The data:
[Start of Attachment]
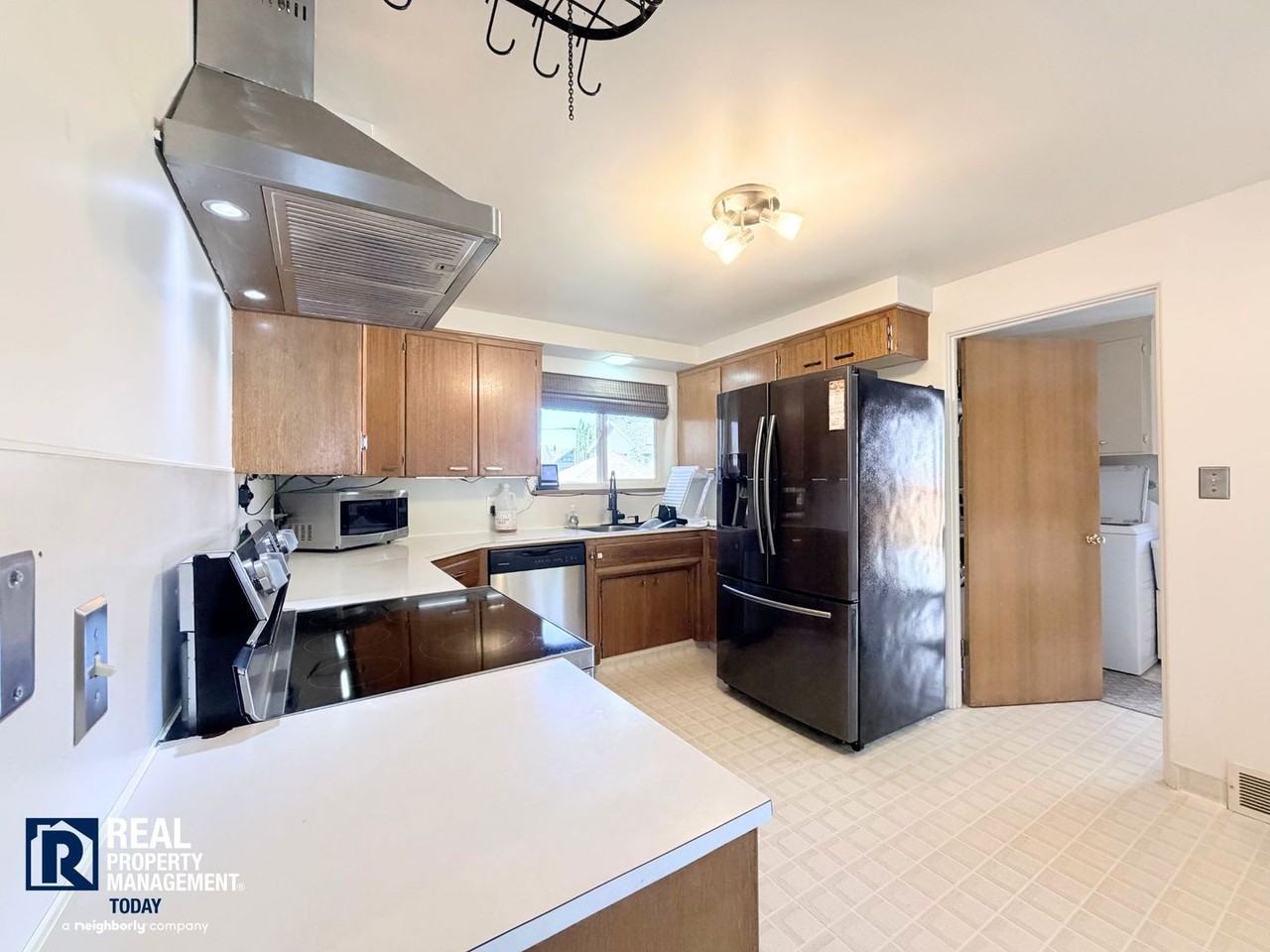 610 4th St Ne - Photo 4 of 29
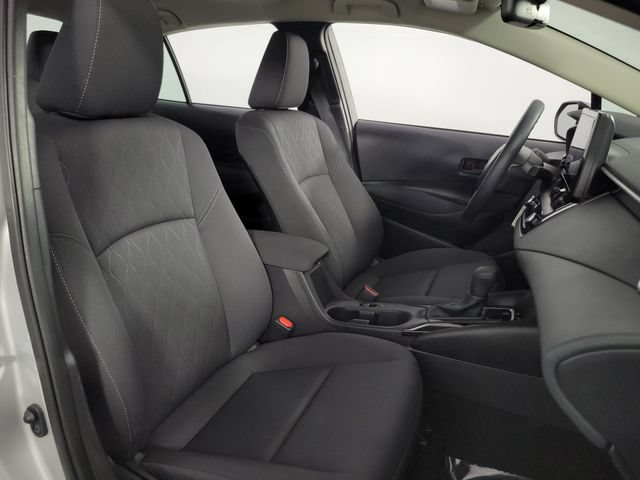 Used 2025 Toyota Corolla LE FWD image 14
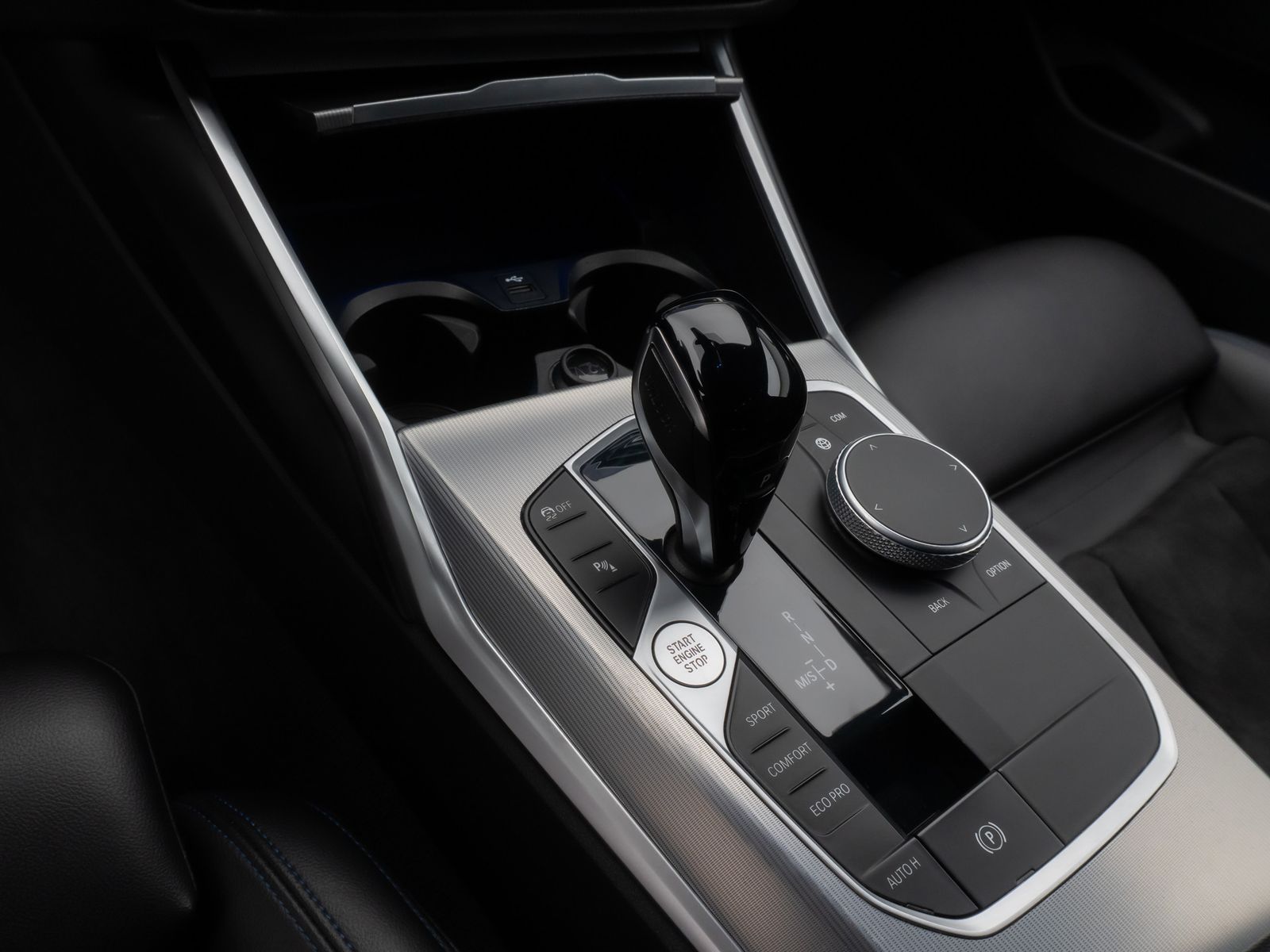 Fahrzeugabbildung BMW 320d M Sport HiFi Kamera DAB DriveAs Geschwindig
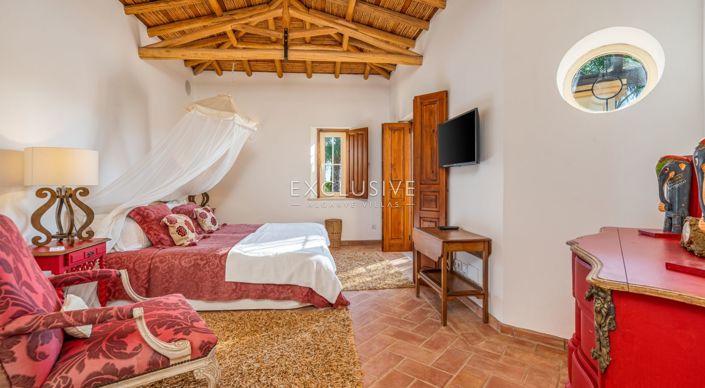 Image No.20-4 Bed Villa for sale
[End of Attachment]
About this exercise:
With the pictures removed, return the listing above in its exact original wording.

Task solution:
 610 4th St Ne - Photo 4 of 29
 Used 2025 Toyota Corolla LE FWD image 14
 Fahrzeugabbildung BMW 320d M Sport HiFi Kamera DAB DriveAs Geschwindig
 Image No.20-4 Bed Villa for sale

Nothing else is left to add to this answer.